* PROVIDED RECORDS *

━━━━━━━━━━━━━━━━━━━━━━━━━━━━━━

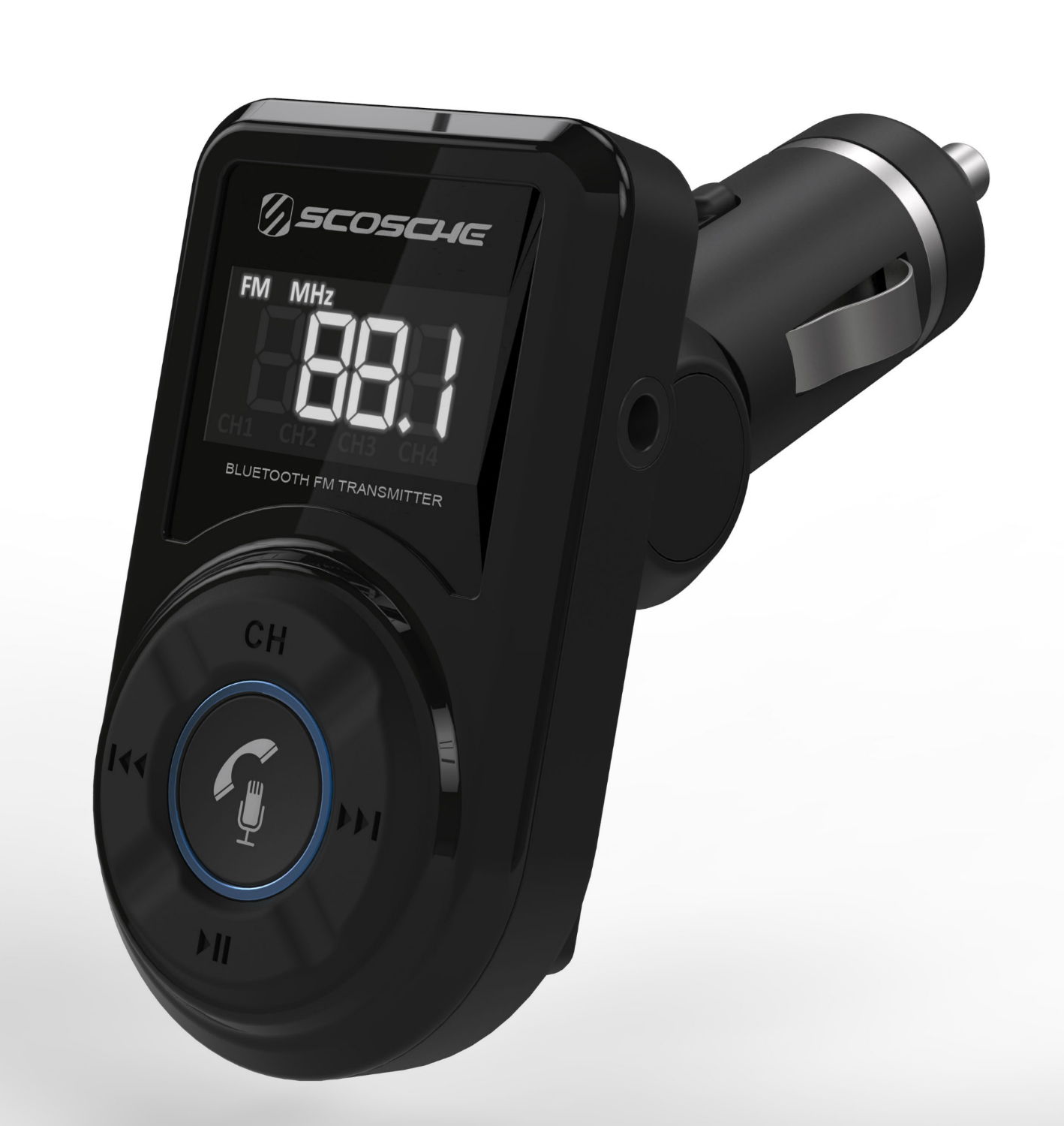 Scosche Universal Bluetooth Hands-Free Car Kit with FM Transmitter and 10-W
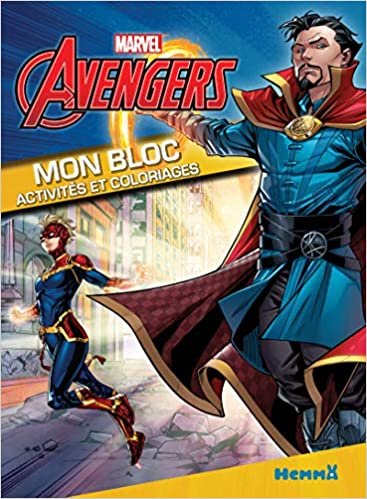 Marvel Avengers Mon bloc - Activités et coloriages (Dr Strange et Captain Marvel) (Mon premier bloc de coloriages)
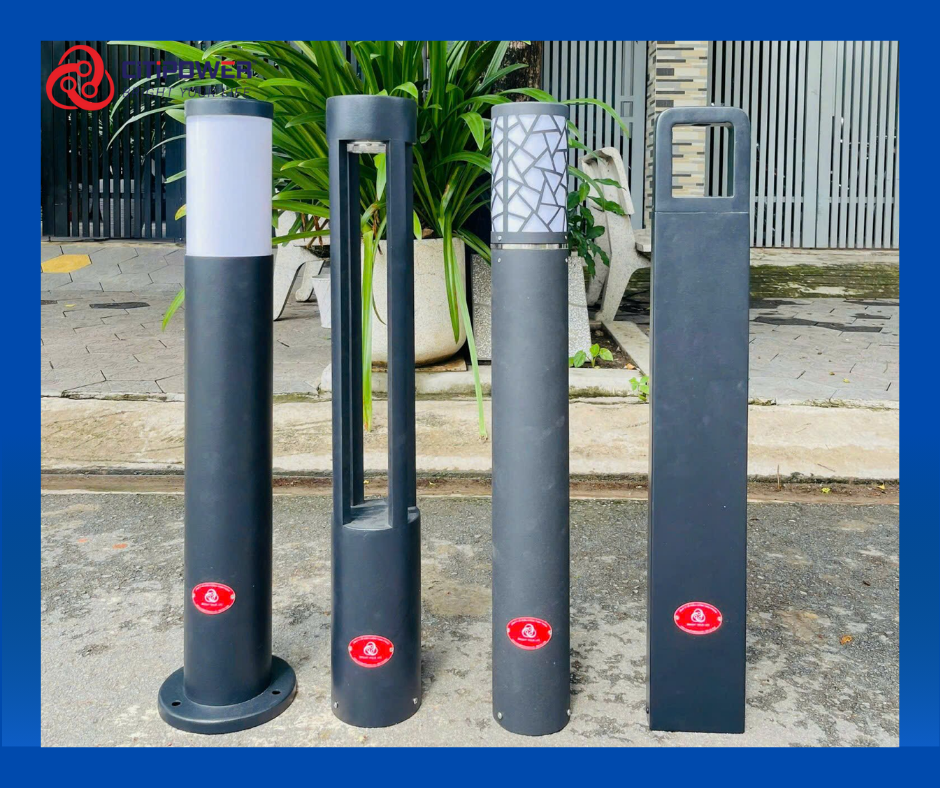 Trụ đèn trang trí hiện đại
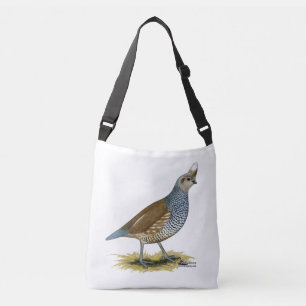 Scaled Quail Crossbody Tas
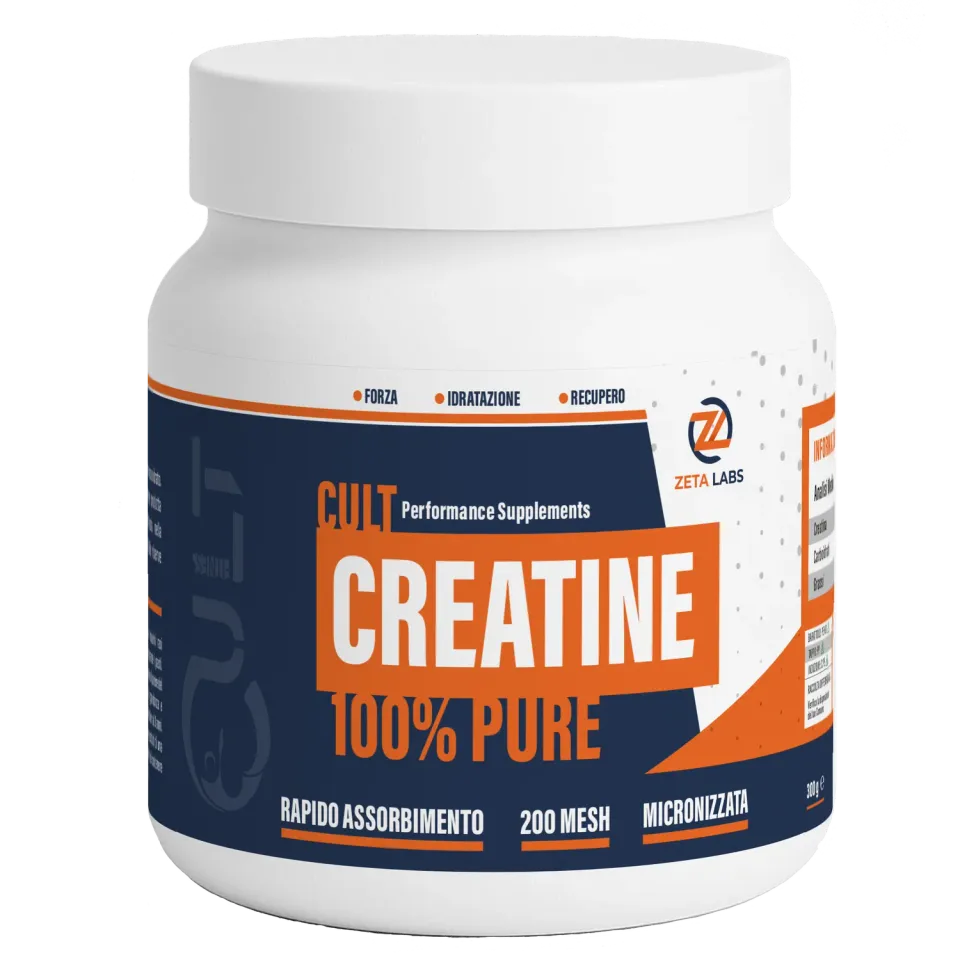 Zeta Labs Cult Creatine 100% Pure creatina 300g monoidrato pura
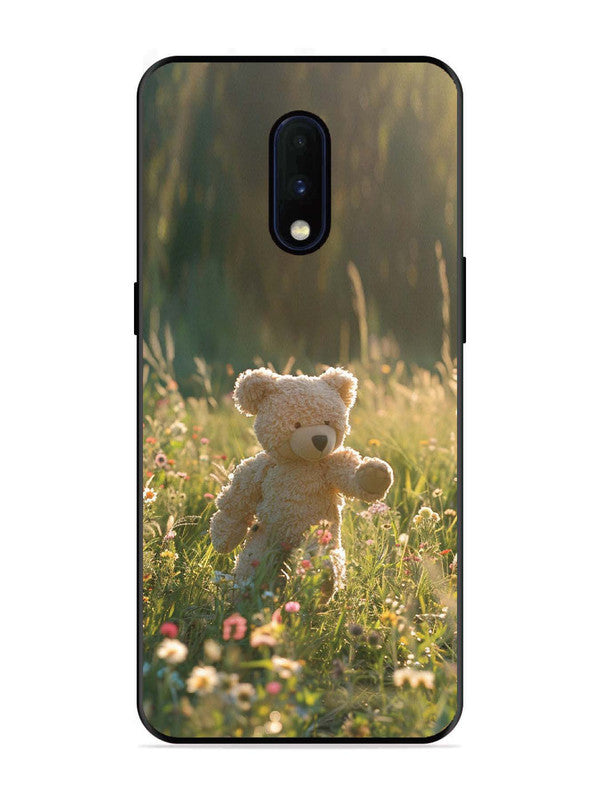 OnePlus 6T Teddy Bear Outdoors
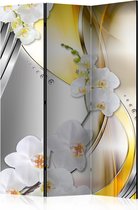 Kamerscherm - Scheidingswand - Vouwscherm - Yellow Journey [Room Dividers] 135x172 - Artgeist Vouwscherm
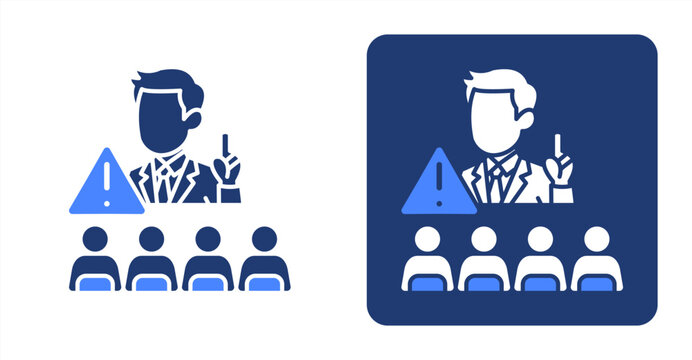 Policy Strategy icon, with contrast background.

━━━━━━━━━━━━━━━━━━━━━━━━━━━━━━

Starting from the line containing "Trụ đèn trang trí hiện đại", repeat each line exactly through the end of the entries, including the last, while leaving pictures out.

 Trụ đèn trang trí hiện đại
 Scaled Quail Crossbody Tas
 Zeta Labs Cult Creatine 100% Pure creatina 300g monoidrato pura
 OnePlus 6T Teddy Bear Outdoors
 Kamerscherm - Scheidingswand - Vouwscherm - Yellow Journey [Room Dividers] 135x172 - Artgeist Vouwscherm
 Policy Strategy icon, with contrast background.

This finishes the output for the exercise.